Hannah gulped. She stiffened in her seat, but she maintained eye-contact. Her voice stayed steady and professional. “That was, um, that was probably ten years ago, or so. Ashley had a fever. My husband and I took her to the hospital. It was only about twenty minutes later and she just… um… she just stopped breathing. It was devastating. But it does happen.”
They sat for a moment. Riley felt Hannah’s eyes studying her. She had to look away.
“Who told you about Ashley?” Hannah asked.
Riley glanced back to the table. The baby was gone.
“Riley?” Hannah said. “How do you know about Ashley?”
As Riley was about to answer, the dining room door swung open. Riley’s dad stepped into the room. He stood there for a moment, watching Riley and Hannah. Riley opened her mouth to say something when her dad suddenly walked over to the table.

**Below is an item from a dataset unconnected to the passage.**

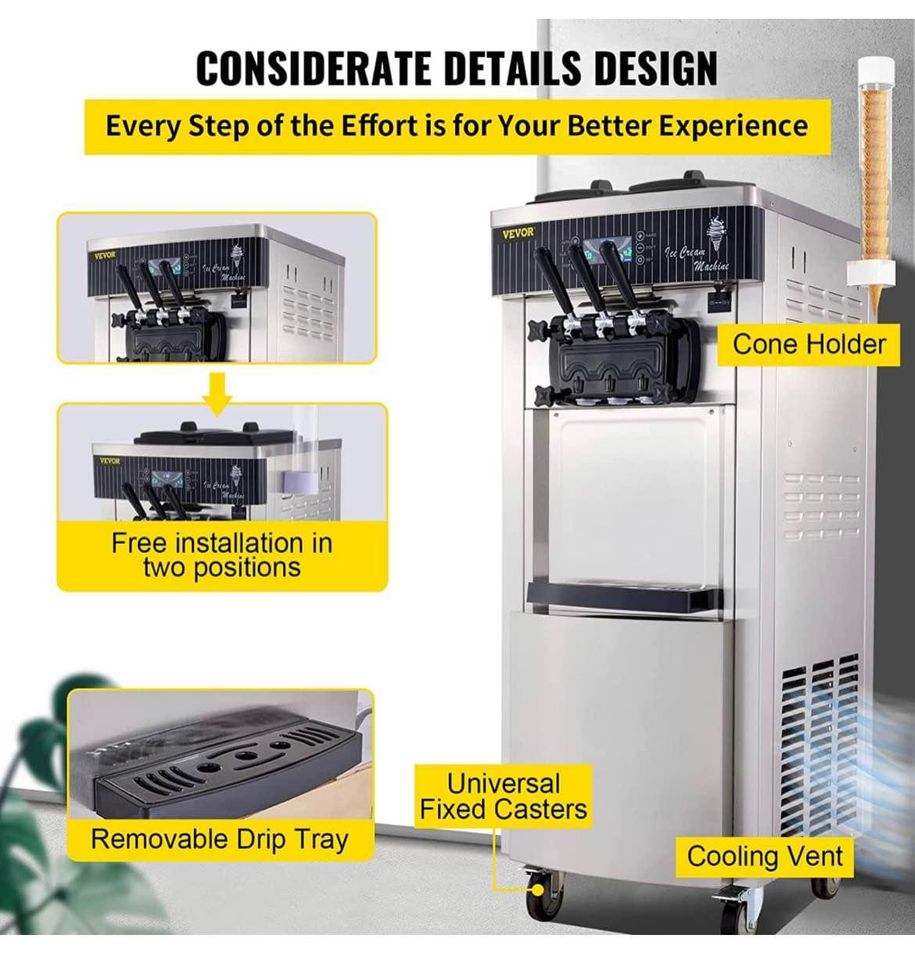 VEVOR Soft Ice Cream Machine 2200W Commercial Vertical Soft Ice Cream Maker Machine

Hannah stood and silently greeted him.
They stared at each other, both oblivious to Riley’s presence. Riley could only watch as her dad cupped Hannah’s face in his hands and pulled her in for a kiss. The sensual sweetness of the kiss quickly gave way to an eruption of passion. Hannah reached down into his pants as his lips worked their way around her neck. His hands, in their hurry, struggled to undo the buttons on her shirt.